Slowly, I pulled her closer, resting my hand on her back, pressing a tentative hand to one breast, gently caressing the underside, and bringing my thumb around to the pert nipple, rosy red and begging to be tasted. When I pressed my lips to her, swirling my tongue around the stiff peak, I felt her melt against me. I sucked harder, eliciting the most perfect gasp from her. "Beautiful," I murmured, and she sighed.
I pushed back the blankets and we slowly migrated from the edge of the bed, my hands and lips getting acquainted with as much of her body as possible.

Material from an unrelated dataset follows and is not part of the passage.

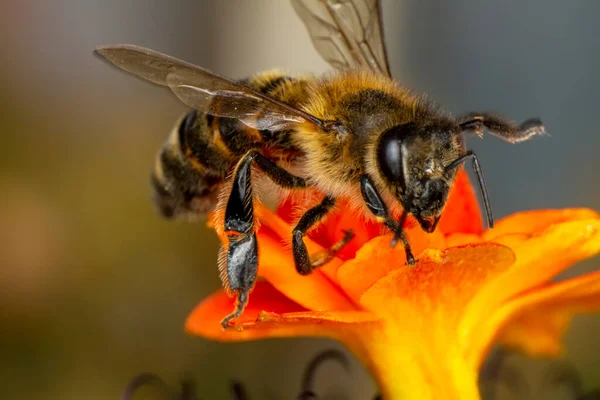 Belle Macro Abeille Dans Nature Verte — Photo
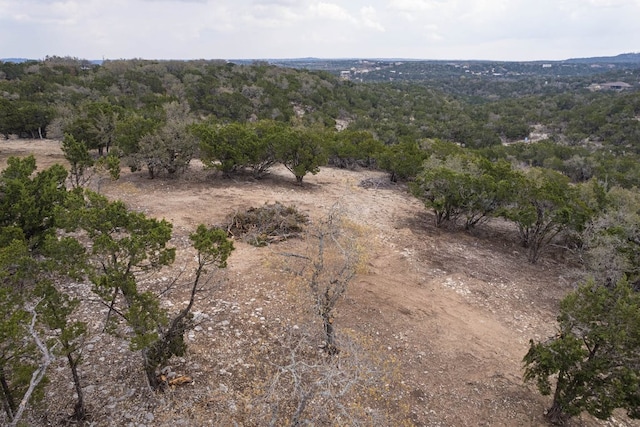 TBD Old Red Ranch Rd, Dripping Springs, TX 78620 - photo 15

I shucked off my shirt and she pushed down those sweatpants, and pulled her on top of me, our bodies notched together as if we had been made to be a perfect pair.
"Condoms are in the bathroom," I mumbled as she ground her wetness against my throbbing dick.
"I'm on the pill," she said. "And it's been awhile." She bent down and kissed me. "I trust you," she whispered, her lips right next my ear, and her words sent shivers through my body. I nodded, and she slid down, sheathing me inside of her, inch by inch. My heart pounded as we just enjoyed that first moment of connection. I lifted my hand, cupping her cheek, and we shared a look of heat and something I couldn't name. Not yet.
With unspoken agreement, we began to rock against each other. She moved slowly and languidly. Her cheeks were flushed, and both of us were breathing heavily. I wanted to make it last, but I didn't know if I could. Her eyes fluttered closed, and I wanted to get her there before I exploded. My hand snaked between us, and I circled my thumb around the tight bud of nerves. She gasped, and the sound was almost enough to end it right there. Her rocking grew more erratic, and the sound of our panting filled the room. When she cried out, I nearly wept from relief. I circled my arm around her relaxed form, switching our positions so that she was laid on the bed under me. I gathered her hair with one hand and kissed her, as I pumped my hips into her. She wrapped her legs around me and hung on as we rode together towards my orgasm, finally spilling into her with a gasp and a groan.
I shifted over to my side, pulling her close next to me, both of our hearts pounding against each other. I nuzzled her neck with my lips, wishing that the moment would never end.
"Rory's not going to believe it," she murmured, sounding lazy and sated.
"Hmm," I replied noncommittally. I tried to push down some panic, that maybe it was a one-time thing.
"Good thing she's going to off to college soon," she continued, reaching her arms out to hold me more tightly.
"Why do you say that?" I asked, holding my breath.
"She won't want to hear us rollicking like that," Lorelai said. I opened my eyes, and saw the whisper of a smile on her lips. I felt myself relaxing into her embrace.
"No, she won't," I agreed, and closed my eyes, thanking the snow for dumping all over Stars Hollow.
Dawn came sooner than either of us would have liked. The sun was peeking around the mostly snow-covered windows, sending beams of yellow into the apartment. I shifted slightly, pulling Lorelai's naked body more tightly against mine. With a sigh, I realized I should probably go downstairs, and see if there was any point to opening this morning. It had been a long time since it snowed so much that I didn't have at least a few stragglers banging on the door, wanting coffee and scrambled eggs. But when I attempted to slip out of the bed, Lorelai's grip on me tightened.
"I have to go downstairs," I mumbled into her hair.
"No, baby," she said softly, holding me to her. Her feet moved to tuck between mine, our skin still hot from being pressed up against each other all night. "It's cold outside."